- Work item -
Starting with the line that holds "Slow-Simmered Chicken Mole" and stopping after the line that holds "Miou Muse Super Wide Drawstring Jeans", repeat the lines below word for word, without the pictures.

- Dataset records -
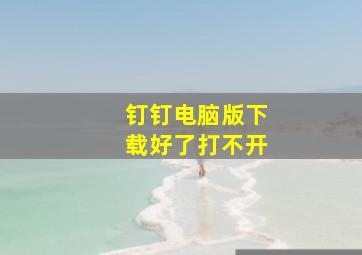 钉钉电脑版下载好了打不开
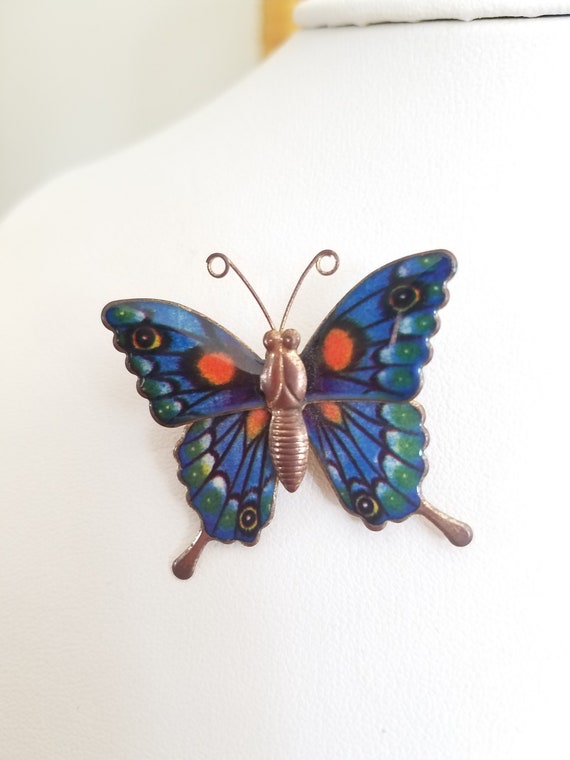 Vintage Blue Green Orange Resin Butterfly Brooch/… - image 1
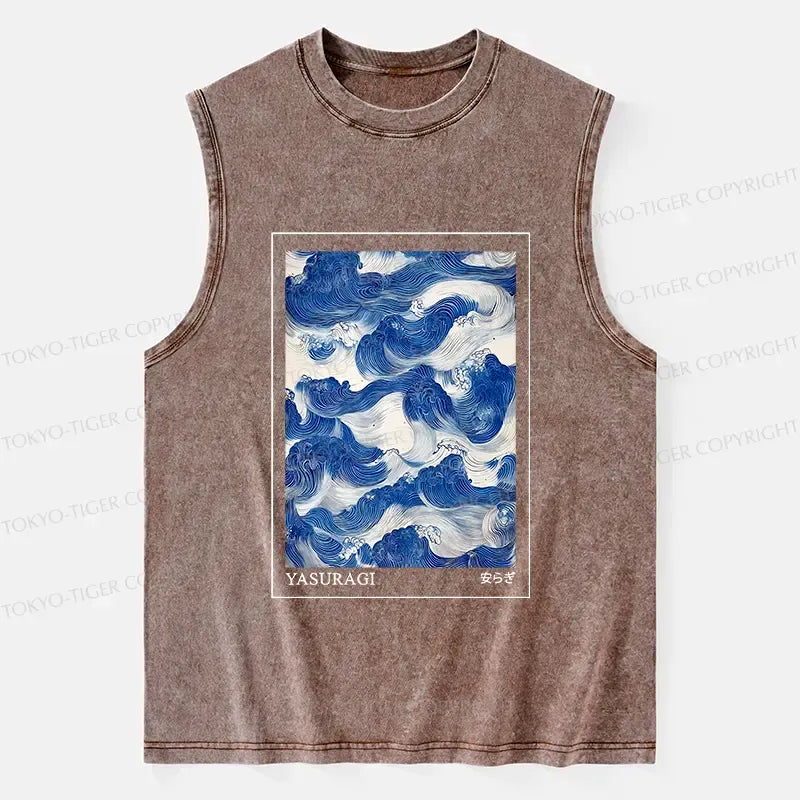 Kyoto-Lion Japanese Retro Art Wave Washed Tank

==

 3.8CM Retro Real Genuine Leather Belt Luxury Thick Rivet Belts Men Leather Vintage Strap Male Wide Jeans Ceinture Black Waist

...

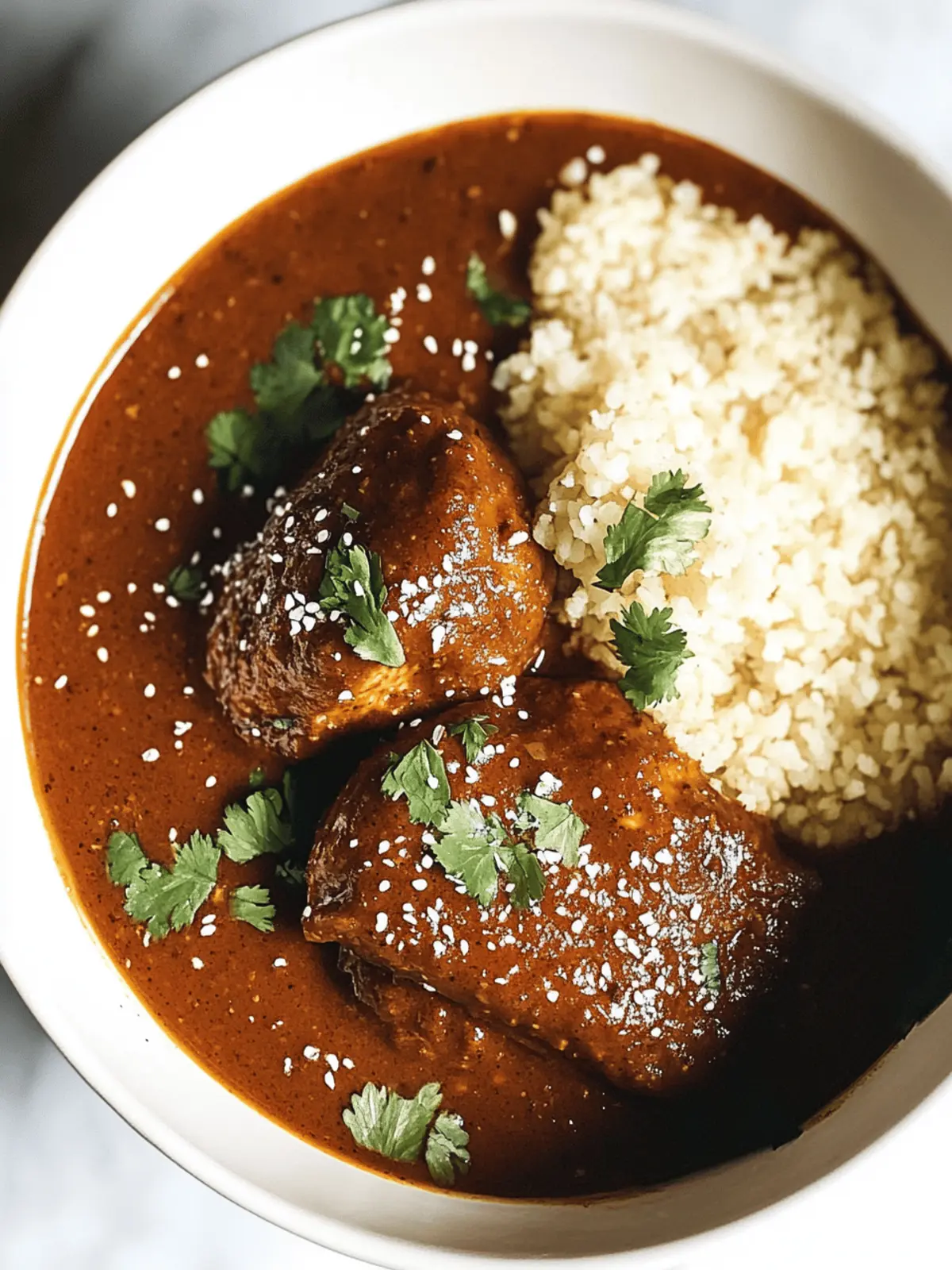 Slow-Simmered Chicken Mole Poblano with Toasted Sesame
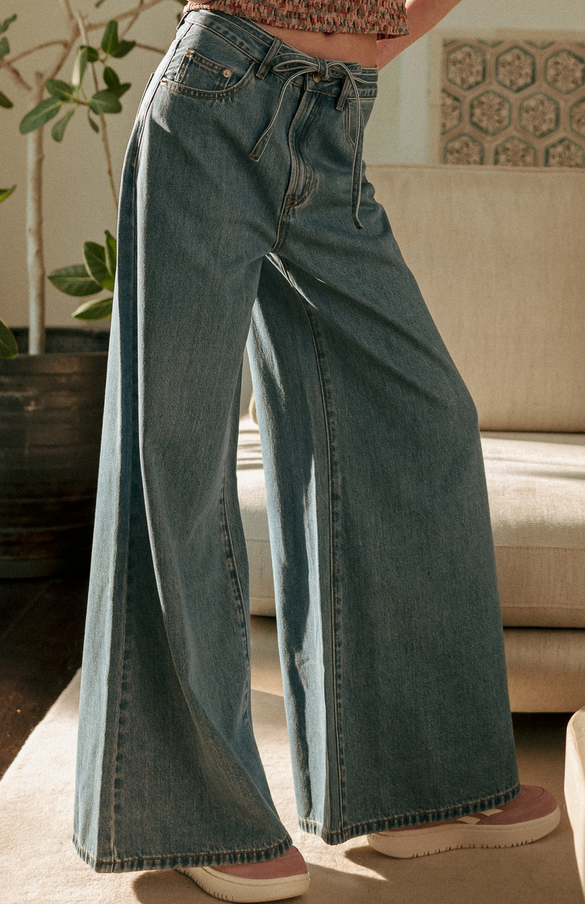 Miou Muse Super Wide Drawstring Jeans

- Worked solution -
 Slow-Simmered Chicken Mole Poblano with Toasted Sesame
 Miou Muse Super Wide Drawstring Jeans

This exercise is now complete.